In the material below, the lines between the one holding "Vale Verde Run 2024" and the one holding "Suttons Sunflower Seeds", inclusive, are to be set down word for word. Pictures stay out.

Data:
-- -- --
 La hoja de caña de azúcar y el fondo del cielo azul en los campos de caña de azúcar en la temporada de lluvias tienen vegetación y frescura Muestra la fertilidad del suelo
-- -- --
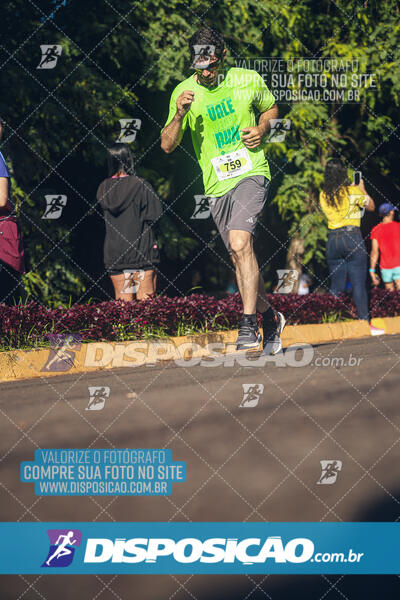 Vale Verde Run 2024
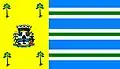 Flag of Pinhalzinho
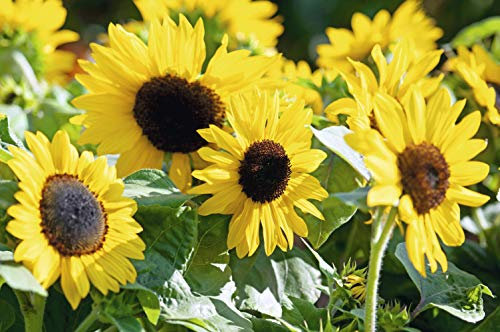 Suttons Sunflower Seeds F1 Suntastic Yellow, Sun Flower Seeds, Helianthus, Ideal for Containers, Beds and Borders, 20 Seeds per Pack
-- -- --
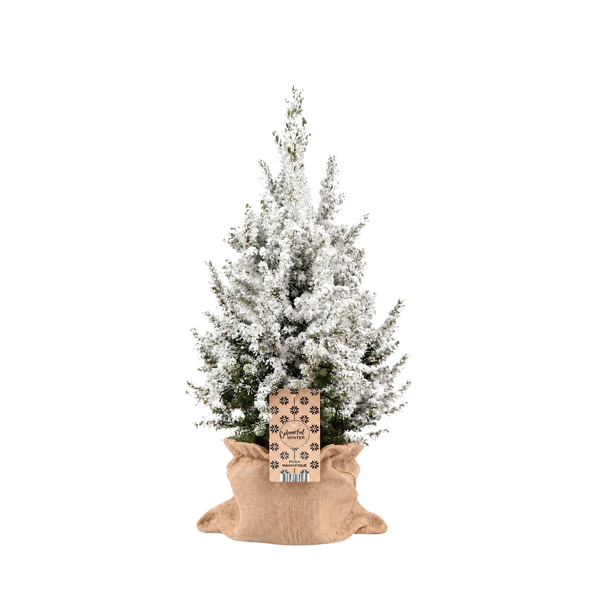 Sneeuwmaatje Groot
-- -- --
Answer:
 Vale Verde Run 2024
 Flag of Pinhalzinho
 Suttons Sunflower Seeds F1 Suntastic Yellow, Sun Flower Seeds, Helianthus, Ideal for Containers, Beds and Borders, 20 Seeds per Pack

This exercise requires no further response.